Predictive Analytics: Some tools even offer predictive capabilities, helping HR forecast potential turnover and proactively address it before it becomes a problem.
By tracking employee turnover, HR teams can make informed decisions that improve retention, boost productivity, and foster a positive workplace culture. This metric provides key insights into employee satisfaction and organisational health, allowing businesses to address challenges and optimise strategies.
At Craze, we simplify HR processes with powerful tools that help you track, manage, and analyse key HR data. Our platform streamlines your HR operations, ensuring better decision-making and a more engaged workforce.
See how Craze can transform your HR management by booking a demo today.

1. What factors influence a company's turnover rate?
Several factors, including company culture, job satisfaction, management quality, career growth opportunities, and compensation, influence the turnover rate. High turnover might signal issues with one or more of these elements. By tracking turnover, companies can identify specific pain points. Understanding these drivers can help HR teams address retention challenges more effectively.
2. How do voluntary and involuntary separations affect the turnover rate?
Voluntary separations occur when employees choose to leave, often due to dissatisfaction, better opportunities, or personal reasons, whereas involuntary separations are initiated by the employer, such as layoffs or terminations. Distinguishing between these two is crucial because high voluntary turnover might point to internal issues like poor management or lack of growth, while involuntary turnover could indicate external factors like company downsizing. Understanding both types helps businesses target specific retention strategies.
3. Can the employee turnover rate be calculated for individual departments or teams?

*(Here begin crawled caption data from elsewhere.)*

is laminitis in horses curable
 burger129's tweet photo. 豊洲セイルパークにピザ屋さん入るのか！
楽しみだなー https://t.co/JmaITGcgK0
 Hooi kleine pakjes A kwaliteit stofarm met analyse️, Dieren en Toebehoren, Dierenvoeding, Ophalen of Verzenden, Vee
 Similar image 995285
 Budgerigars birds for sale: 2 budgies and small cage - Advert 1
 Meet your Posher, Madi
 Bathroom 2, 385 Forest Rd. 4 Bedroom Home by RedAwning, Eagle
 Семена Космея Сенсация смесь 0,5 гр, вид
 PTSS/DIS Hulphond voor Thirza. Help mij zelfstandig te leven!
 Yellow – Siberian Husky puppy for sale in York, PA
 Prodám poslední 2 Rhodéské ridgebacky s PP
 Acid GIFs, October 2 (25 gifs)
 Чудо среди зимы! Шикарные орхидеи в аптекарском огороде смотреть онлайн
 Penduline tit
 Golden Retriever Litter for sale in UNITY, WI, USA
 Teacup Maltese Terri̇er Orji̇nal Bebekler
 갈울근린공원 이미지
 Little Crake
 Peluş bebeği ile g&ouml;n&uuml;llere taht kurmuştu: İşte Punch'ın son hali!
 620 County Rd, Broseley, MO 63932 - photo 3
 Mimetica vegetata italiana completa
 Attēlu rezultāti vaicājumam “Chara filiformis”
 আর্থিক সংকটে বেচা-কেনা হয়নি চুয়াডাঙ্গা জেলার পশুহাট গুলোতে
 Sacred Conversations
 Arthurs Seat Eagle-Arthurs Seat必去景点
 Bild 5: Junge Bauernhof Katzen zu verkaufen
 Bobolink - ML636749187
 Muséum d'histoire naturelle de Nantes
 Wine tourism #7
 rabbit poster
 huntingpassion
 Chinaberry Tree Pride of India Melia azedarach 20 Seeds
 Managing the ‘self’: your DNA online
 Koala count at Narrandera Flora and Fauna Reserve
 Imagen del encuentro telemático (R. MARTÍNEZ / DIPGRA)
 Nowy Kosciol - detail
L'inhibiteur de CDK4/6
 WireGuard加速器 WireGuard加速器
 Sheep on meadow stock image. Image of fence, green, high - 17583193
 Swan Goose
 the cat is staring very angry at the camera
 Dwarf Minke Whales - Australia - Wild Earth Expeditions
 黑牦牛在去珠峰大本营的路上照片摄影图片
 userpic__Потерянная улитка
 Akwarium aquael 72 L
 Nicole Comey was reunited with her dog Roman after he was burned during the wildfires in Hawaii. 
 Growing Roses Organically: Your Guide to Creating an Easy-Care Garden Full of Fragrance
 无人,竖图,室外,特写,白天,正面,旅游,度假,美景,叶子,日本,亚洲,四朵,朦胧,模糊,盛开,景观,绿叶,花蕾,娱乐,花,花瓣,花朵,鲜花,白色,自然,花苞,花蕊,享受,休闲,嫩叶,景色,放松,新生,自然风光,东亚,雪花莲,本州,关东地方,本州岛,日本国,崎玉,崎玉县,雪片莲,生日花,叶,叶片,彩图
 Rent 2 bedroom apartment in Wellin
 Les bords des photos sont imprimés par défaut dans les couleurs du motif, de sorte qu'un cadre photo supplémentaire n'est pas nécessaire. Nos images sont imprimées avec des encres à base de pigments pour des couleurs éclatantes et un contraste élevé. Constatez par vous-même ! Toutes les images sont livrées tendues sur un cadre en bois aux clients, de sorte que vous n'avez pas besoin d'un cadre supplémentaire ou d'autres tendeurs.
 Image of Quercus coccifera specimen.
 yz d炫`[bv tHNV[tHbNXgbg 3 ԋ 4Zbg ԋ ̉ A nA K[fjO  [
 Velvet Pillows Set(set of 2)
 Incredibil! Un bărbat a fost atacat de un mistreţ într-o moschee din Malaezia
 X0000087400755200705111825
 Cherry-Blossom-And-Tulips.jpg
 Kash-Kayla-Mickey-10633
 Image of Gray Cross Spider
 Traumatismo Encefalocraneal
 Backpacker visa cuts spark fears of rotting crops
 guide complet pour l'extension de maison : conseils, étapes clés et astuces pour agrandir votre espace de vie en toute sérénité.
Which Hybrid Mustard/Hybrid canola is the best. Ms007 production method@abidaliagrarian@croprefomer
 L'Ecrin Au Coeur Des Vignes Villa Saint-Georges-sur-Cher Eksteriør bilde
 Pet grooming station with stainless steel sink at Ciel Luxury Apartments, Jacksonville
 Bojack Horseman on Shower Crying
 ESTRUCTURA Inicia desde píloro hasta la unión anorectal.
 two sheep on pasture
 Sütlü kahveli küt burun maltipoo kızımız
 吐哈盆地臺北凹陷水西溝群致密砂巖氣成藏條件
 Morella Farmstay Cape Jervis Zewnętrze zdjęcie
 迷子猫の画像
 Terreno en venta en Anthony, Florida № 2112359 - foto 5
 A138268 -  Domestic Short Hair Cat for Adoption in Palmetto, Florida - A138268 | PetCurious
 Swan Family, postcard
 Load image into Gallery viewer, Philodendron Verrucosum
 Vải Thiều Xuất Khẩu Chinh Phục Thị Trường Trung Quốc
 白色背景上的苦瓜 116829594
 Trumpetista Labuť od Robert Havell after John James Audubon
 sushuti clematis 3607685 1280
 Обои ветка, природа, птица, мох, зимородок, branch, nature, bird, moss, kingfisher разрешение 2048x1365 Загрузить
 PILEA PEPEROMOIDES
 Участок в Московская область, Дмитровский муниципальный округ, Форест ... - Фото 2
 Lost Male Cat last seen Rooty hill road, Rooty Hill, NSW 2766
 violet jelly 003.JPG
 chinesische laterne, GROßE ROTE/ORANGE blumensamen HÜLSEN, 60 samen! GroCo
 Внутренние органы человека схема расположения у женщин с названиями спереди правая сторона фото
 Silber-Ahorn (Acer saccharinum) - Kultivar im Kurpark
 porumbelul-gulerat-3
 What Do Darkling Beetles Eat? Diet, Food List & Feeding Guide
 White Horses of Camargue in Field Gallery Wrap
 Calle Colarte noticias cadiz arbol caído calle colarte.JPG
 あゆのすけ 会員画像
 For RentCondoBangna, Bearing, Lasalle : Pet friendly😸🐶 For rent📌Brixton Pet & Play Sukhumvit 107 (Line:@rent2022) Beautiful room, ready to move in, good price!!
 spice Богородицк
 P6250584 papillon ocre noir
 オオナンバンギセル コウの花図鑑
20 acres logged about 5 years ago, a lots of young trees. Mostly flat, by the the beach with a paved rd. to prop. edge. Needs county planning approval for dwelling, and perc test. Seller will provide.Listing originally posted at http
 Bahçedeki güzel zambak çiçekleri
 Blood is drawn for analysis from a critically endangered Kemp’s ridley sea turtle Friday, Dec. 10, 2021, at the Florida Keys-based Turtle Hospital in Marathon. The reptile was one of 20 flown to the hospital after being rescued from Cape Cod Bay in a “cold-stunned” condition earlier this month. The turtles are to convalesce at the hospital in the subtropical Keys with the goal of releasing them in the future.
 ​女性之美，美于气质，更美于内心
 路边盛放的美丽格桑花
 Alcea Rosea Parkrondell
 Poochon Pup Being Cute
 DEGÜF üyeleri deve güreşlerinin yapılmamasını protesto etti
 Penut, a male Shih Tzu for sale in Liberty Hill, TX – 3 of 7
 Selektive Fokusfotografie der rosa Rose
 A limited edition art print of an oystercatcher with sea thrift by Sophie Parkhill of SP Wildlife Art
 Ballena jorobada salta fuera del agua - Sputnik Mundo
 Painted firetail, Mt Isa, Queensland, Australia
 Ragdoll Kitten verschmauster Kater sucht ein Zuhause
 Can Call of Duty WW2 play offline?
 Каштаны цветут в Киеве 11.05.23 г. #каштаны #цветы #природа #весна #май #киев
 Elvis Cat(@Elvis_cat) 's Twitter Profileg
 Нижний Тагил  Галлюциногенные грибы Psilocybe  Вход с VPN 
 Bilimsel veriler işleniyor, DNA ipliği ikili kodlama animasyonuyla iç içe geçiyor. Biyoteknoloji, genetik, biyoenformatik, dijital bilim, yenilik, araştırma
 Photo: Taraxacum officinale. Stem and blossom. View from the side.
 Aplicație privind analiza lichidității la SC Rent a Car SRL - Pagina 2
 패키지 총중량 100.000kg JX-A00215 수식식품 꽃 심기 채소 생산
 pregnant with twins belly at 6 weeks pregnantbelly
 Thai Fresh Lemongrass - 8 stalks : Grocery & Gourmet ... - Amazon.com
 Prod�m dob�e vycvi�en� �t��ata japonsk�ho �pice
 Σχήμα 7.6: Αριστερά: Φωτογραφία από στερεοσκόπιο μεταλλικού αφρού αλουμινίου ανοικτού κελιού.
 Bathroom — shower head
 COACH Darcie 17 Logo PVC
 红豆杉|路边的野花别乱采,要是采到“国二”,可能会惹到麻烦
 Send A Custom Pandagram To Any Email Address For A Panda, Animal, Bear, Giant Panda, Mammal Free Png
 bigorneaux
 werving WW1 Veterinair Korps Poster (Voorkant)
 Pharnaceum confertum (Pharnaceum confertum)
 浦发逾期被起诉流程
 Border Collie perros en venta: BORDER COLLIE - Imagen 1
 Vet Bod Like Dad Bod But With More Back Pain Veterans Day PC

Yes, turnover rate can be calculated at the departmental or team level, which provides more granular insights into specific areas of the organisation. For instance, if the HR department has a higher turnover rate than others, this could signal issues such as poor leadership or inadequate support. By segmenting turnover data by department or team, HR teams can target their efforts to the areas that need the most improvement.
4. How often should employee turnover be calculated?
Employee turnover should be calculated regularly, but the frequency depends on the company's needs. For most businesses, calculating turnover on a monthly or quarterly basis offers timely insights into workforce stability. In fast-changing industries or during periods of significant organisational change, tracking turnover monthly allows HR to quickly identify trends and take corrective actions. Annual turnover rates provide a longer-term view of overall retention and engagement strategies.
5. What are the implications of a high turnover rate on a business?
A high turnover rate can have several negative implications for a business, including increased recruitment and training costs, loss of company knowledge, and a decrease in team morale. High turnover often signals deeper issues within the organisation, such as poor culture, ineffective leadership, or lack of employee engagement. It can also impact productivity as teams may be in constant flux. Addressing high turnover proactively helps maintain stability and reduce associated costs.